* EXERCISE DESCRIPTION
Reproduce the listing that follows character for character, excluding its pictures.

* DATASET EXCERPTS
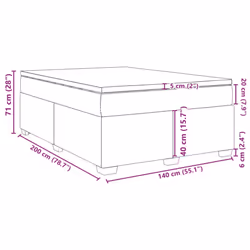 vidaXL Box Spring Bed with Mattress Bed Frame Bedroom Bedstead Bed Base Velvet - light grey, 140 x 200 cm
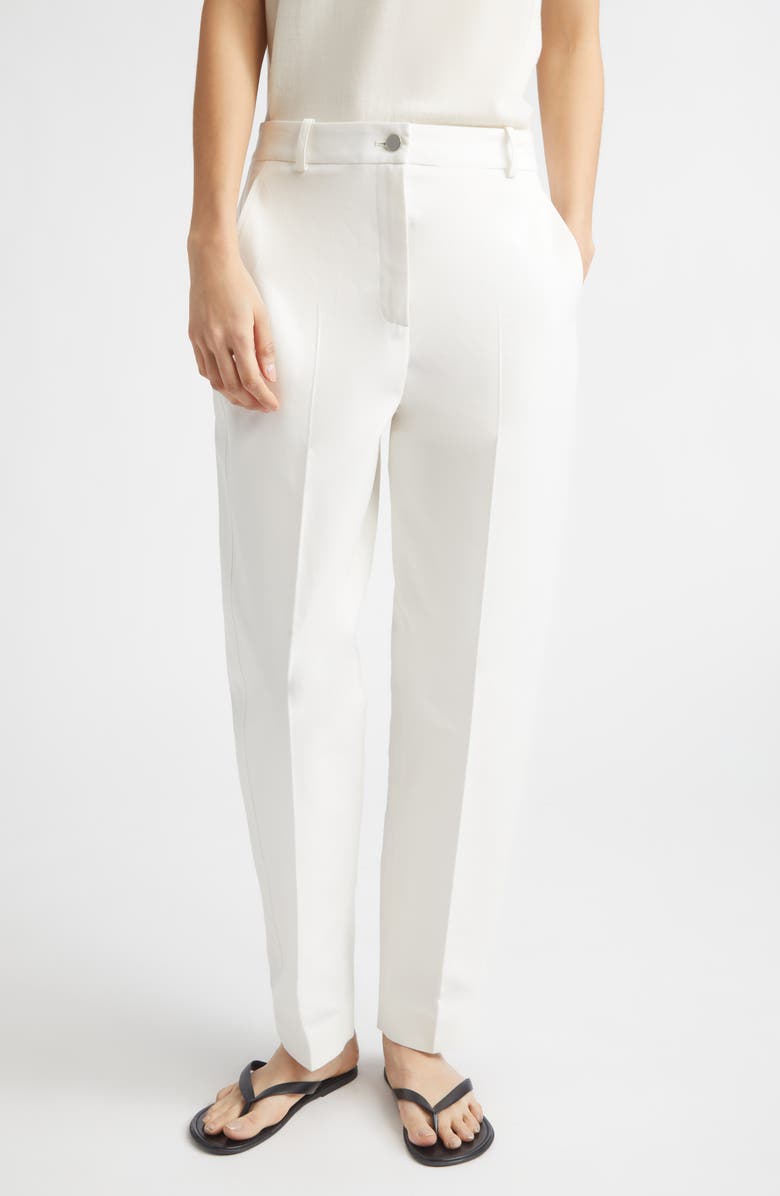 PARTOW Astor Cotton Twill Tapered Leg Pants, Main, color, Ivory
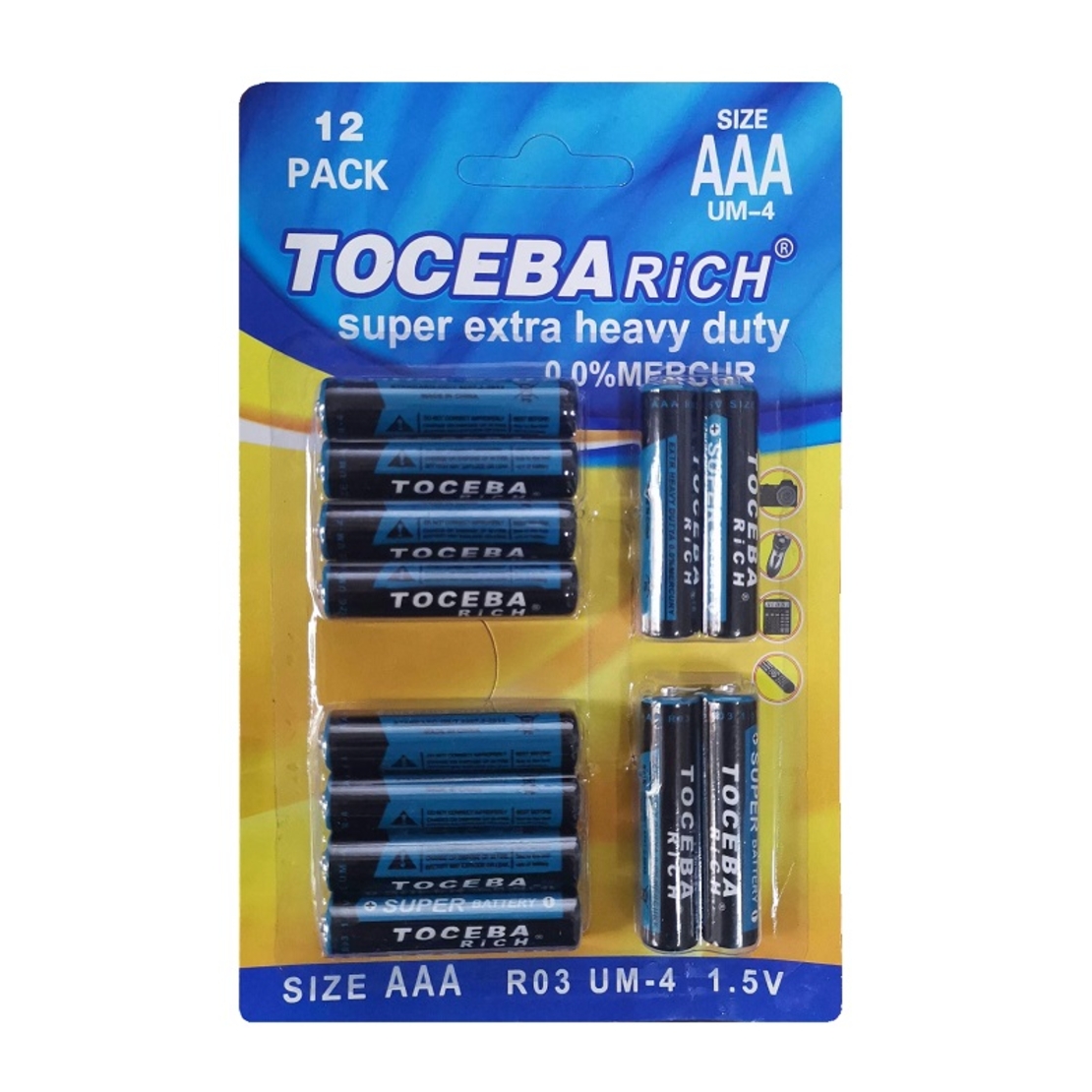 baterii AAA - UM-4 - 1.5V - 12 buc. – 400093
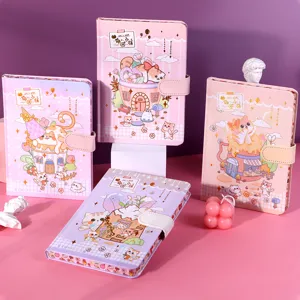 Cute cartoon diary notebooks with three-dimensional bronzing and cat illustrations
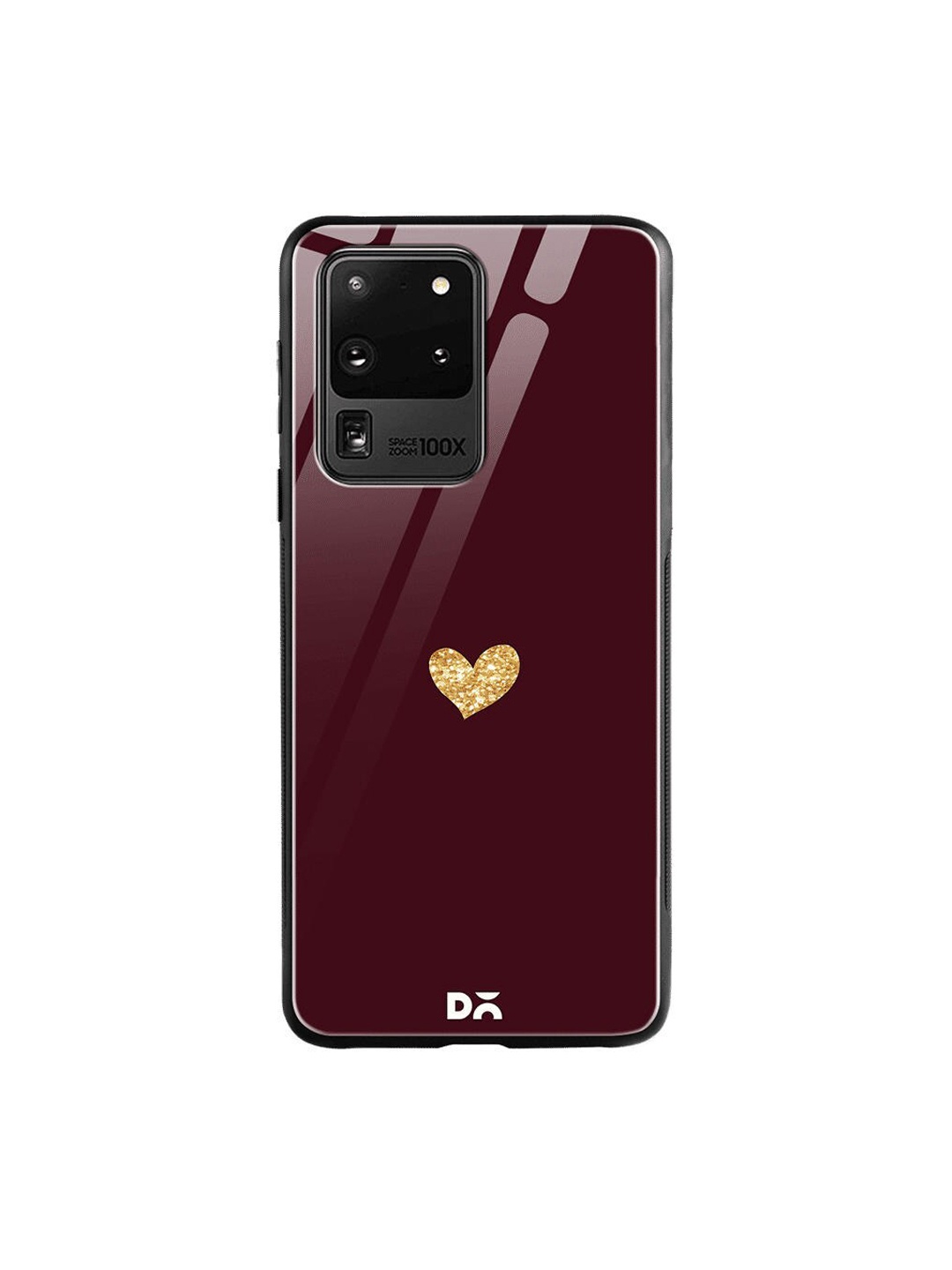 

DailyObjects Burgundy & Beige Sparkle Heart Samsung Galaxy S20 Ultra Shock Absorbent Glass Case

* ANSWER BOX
 vidaXL Box Spring Bed with Mattress Bed Frame Bedroom Bedstead Bed Base Velvet - light grey, 140 x 200 cm
 PARTOW Astor Cotton Twill Tapered Leg Pants, Main, color, Ivory
 baterii AAA - UM-4 - 1.5V - 12 buc. – 400093
 Cute cartoon diary notebooks with three-dimensional bronzing and cat illustrations

DailyObjects Burgundy & Beige Sparkle Heart Samsung Galaxy S20 Ultra Shock Absorbent Glass Case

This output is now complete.